Given information START
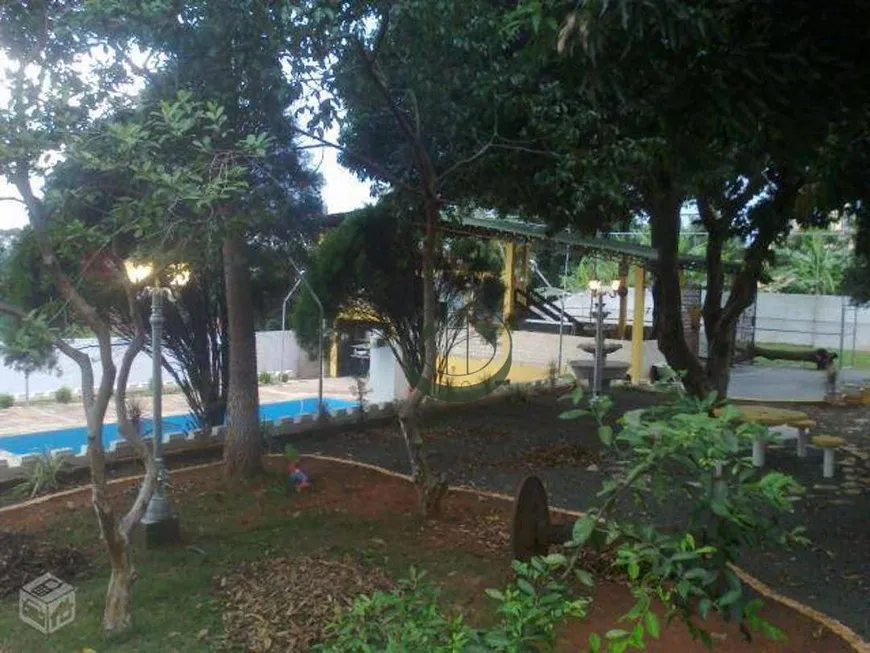 Foto 1 de Fazenda/Sítio com 4 Quartos à venda, 400m² em Mansões Santo Antônio, Campinas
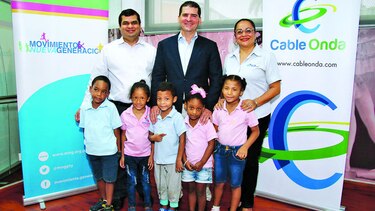 Campaña 1,2,3 Cable Onda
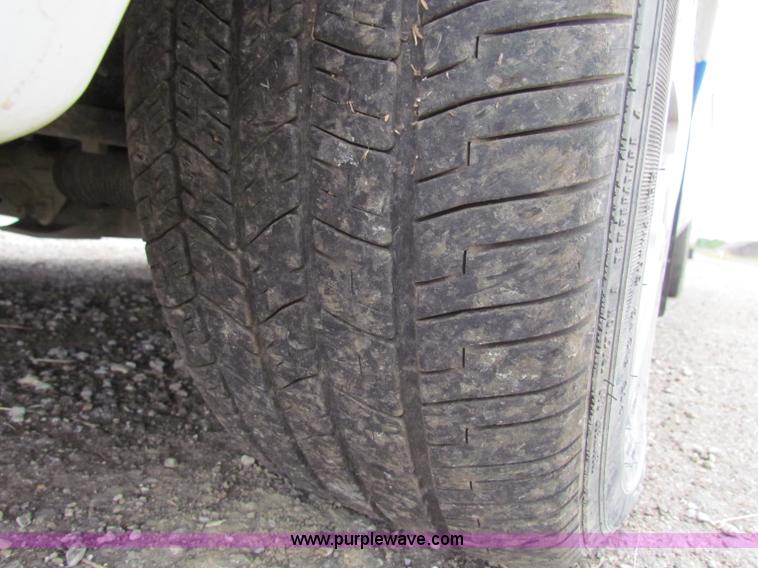 image for item G4146 2009 Ford Crown Victoria Police Interceptor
Given information END
Retype the whole listing. Keep every word exact but include no pictures.

 Foto 1 de Fazenda/Sítio com 4 Quartos à venda, 400m² em Mansões Santo Antônio, Campinas
 Campaña 1,2,3 Cable Onda
 image for item G4146 2009 Ford Crown Victoria Police Interceptor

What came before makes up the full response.